## DATA EXCERPT
──────
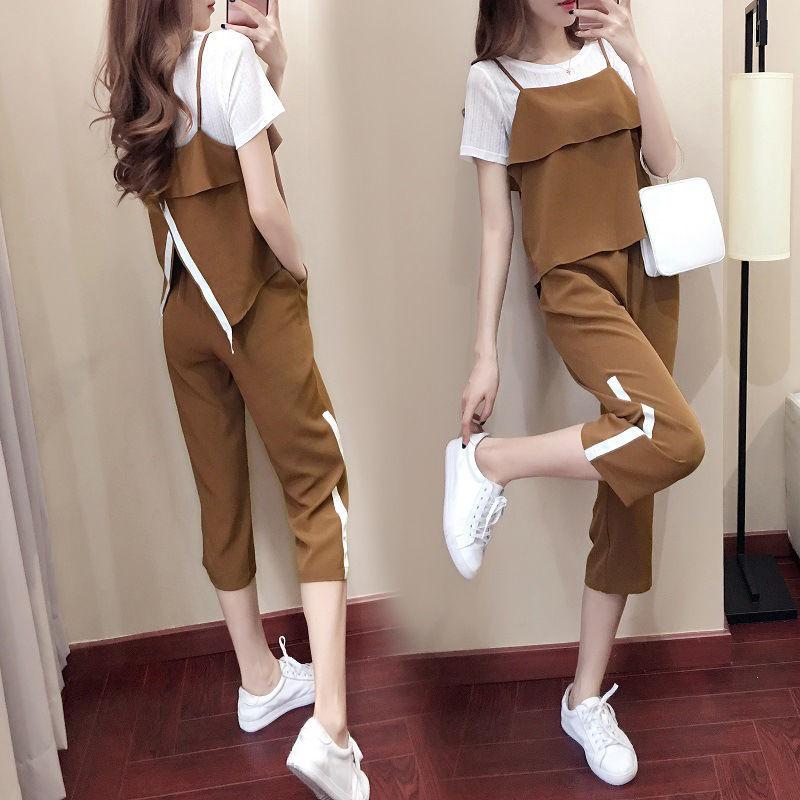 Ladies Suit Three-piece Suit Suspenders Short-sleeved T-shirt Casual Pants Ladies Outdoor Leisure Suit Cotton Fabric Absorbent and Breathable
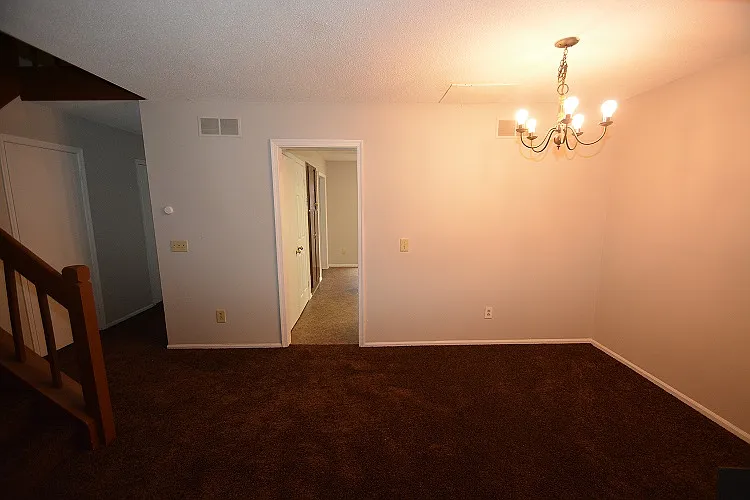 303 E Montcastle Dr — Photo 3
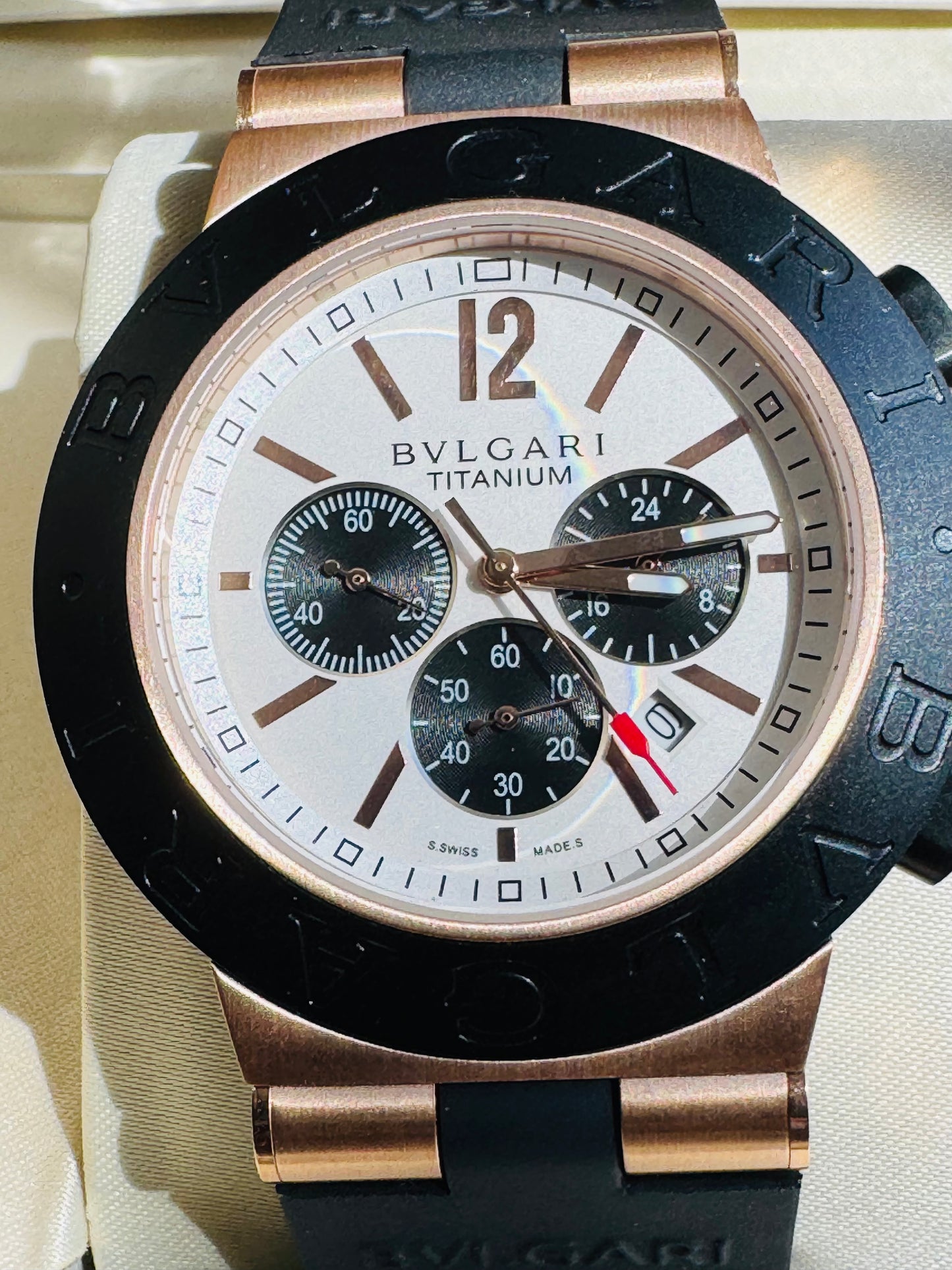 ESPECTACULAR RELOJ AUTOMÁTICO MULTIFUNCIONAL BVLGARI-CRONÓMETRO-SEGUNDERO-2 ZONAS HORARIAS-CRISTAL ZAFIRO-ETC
──────
## YOUR GOAL
Leave every image out when you return the material above word for word.

## SOLUTION TO THIS TASK
 Ladies Suit Three-piece Suit Suspenders Short-sleeved T-shirt Casual Pants Ladies Outdoor Leisure Suit Cotton Fabric Absorbent and Breathable
 303 E Montcastle Dr — Photo 3
 ESPECTACULAR RELOJ AUTOMÁTICO MULTIFUNCIONAL BVLGARI-CRONÓMETRO-SEGUNDERO-2 ZONAS HORARIAS-CRISTAL ZAFIRO-ETC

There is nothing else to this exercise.